You think website X has bad interface? You can build your own interface and buy information from existing indexers (which you chose).

You think you can do better job at ranking results? You can build your own indexer and sell your results to pre-existing websites.

You think some niche area of the web is ignored? You can build your own crawler and sell your results to one or several indexers.

If someone does a bad job, the next level of the system has incentives (and freedom) to drop them. This includes the consumer of search results.

MadWombat · on Feb 5, 2020

> In today's internet this makes so much more sense than everything being run by the same company

I have expressed similar ideas in other discussions here on HN, so I agree with you that this would be a really neat to have an ecosystem like this. But the question is how do you make money? What is your incentive to run a crawler? What is your incentive to run an indexer? People are used to the idea that web search is free, so you search sites cannot charge people money. It also means that they cannot buy indexer services.

dcolkitt · on Feb 5, 2020

I think it could work with micro transactions on the backend. In B2C Internet consumers won't pay for content. But in B2B its the norm. Paying for an indexer or crawler is really no different than the umpteen million AWS transactions that occur everyday.

Most consumers probably won't want to pay for search. At least initially until the culture changes. But that's fine, they don't have to access the crawler or indexers directly. Instead they can point their browser at the frontend URL of their choice. And that frontend can monetize by injecting ads or whatever other business model they want.

As long as they earn more in ads than they pay on the open market for backend crawlers, indexers, etc., then they're a viable business. Given how ridiculously profitable Google is, this shouldn't be a difficult hurdle to clear.

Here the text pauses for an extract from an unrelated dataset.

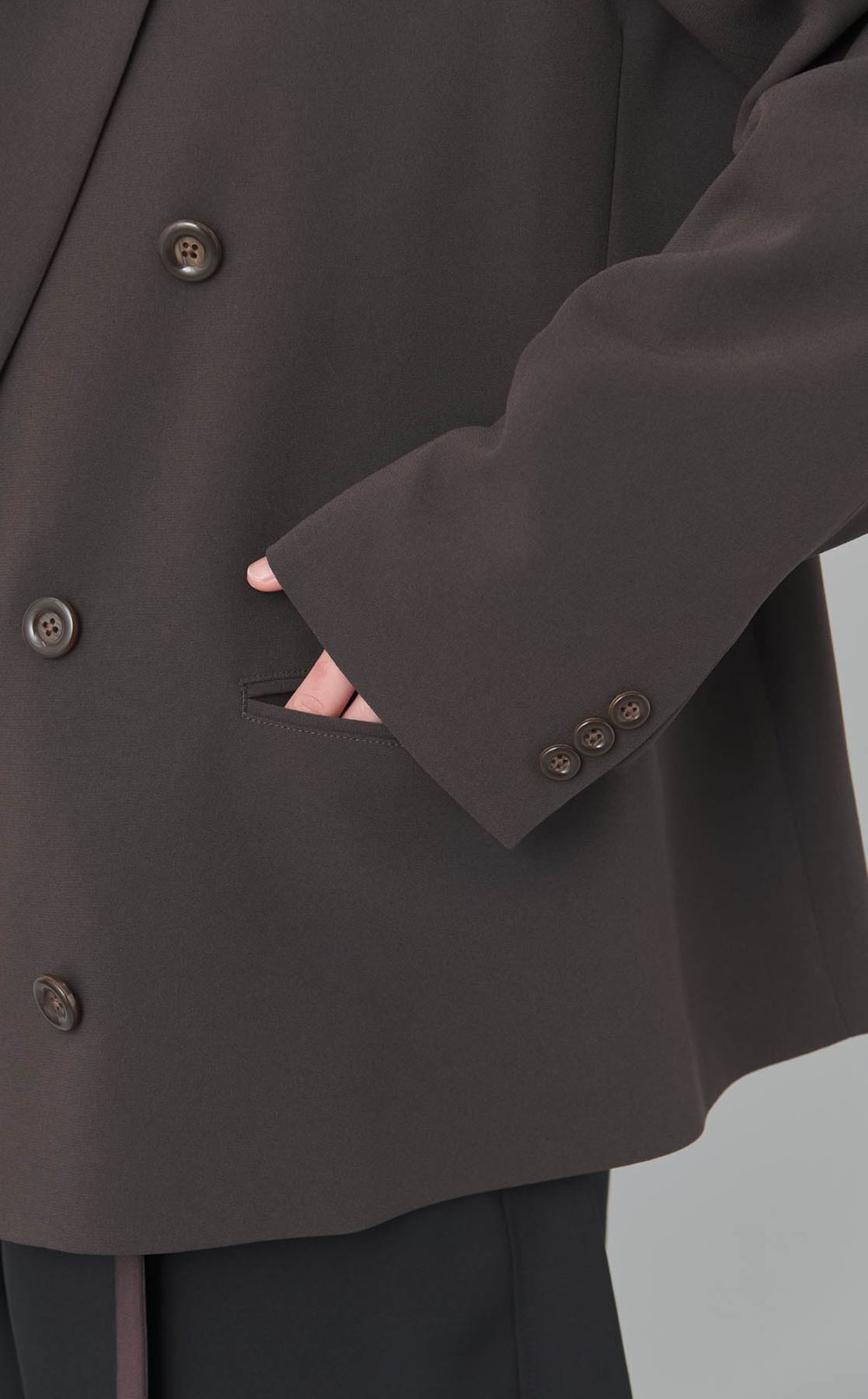 ジョーゼットスペンサージャケット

MadWombat · on Feb 5, 2020

The requirements in infrastructure are not symmetrical here. An indexer requires a significantly bigger investment in both storage and computational power than either a crawler or an end-user site. Seems like everyone would want to run a crawler, but nobody would want to run an indexer.

Also, it is unclear how to start something like this. A sort of a chicken and egg problem where you cannot start running any of these components because there is nobody running the other parts.

drmabus · on Feb 6, 2020

the egg came first.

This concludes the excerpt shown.